- DATASET ENTRIES
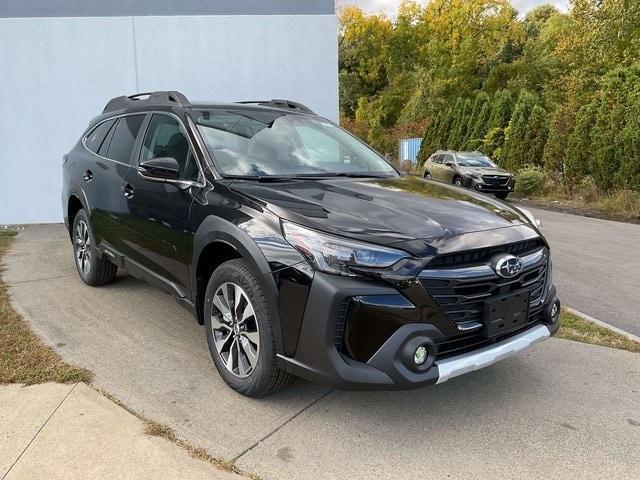 new 2025 Subaru Outback car, priced at $39,753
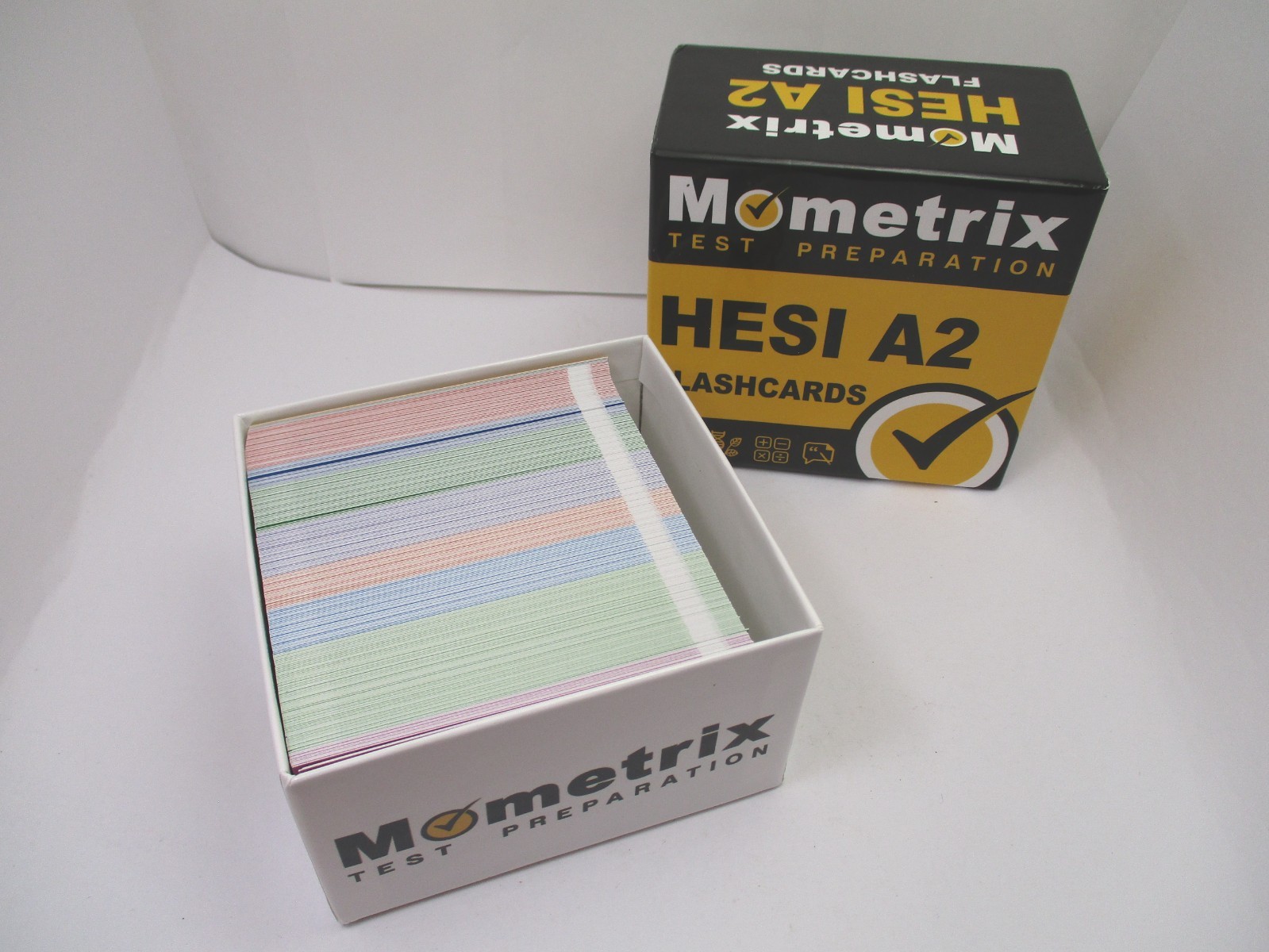 HESI A2 STUDY CARDS: HESI REVIEW PREP (BOXED) Mometrix Flash Cards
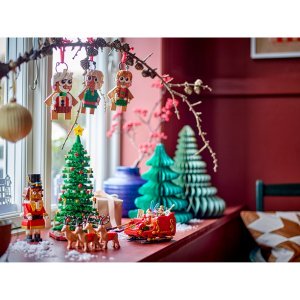 LEGO Nutcracker Christmas Set 2023 40640 - Image 5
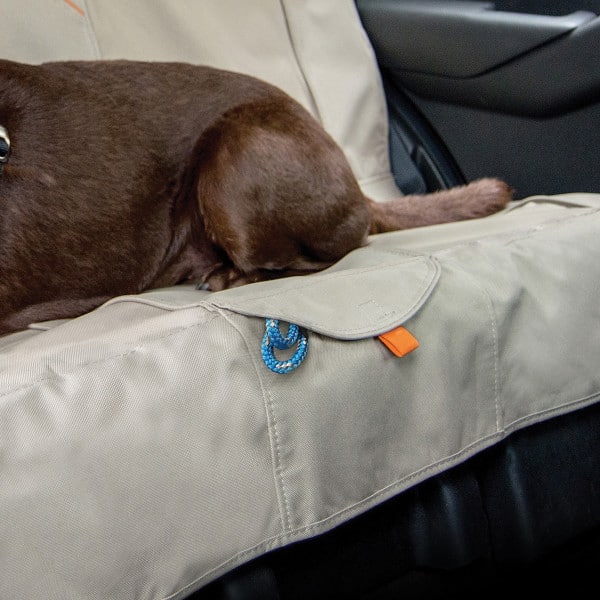 Kurgo Bench Seat Cover - Hampton Sand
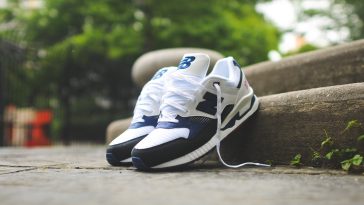 New Balance M530 OG White Black Navy 7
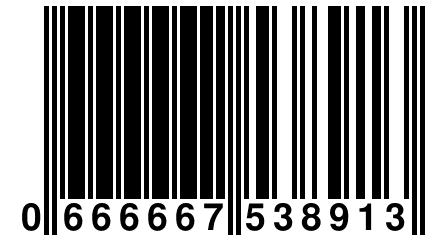 0 666667 538913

- WHAT YOU ARE ASKED TO DO
Everything from the line containing "HESI A2 STUDY" through the last line of the entries must be repeated verbatim, except pictures.

- SOLUTION TO THIS TASK
 HESI A2 STUDY CARDS: HESI REVIEW PREP (BOXED) Mometrix Flash Cards
 LEGO Nutcracker Christmas Set 2023 40640 - Image 5
 Kurgo Bench Seat Cover - Hampton Sand
 New Balance M530 OG White Black Navy 7
 0 666667 538913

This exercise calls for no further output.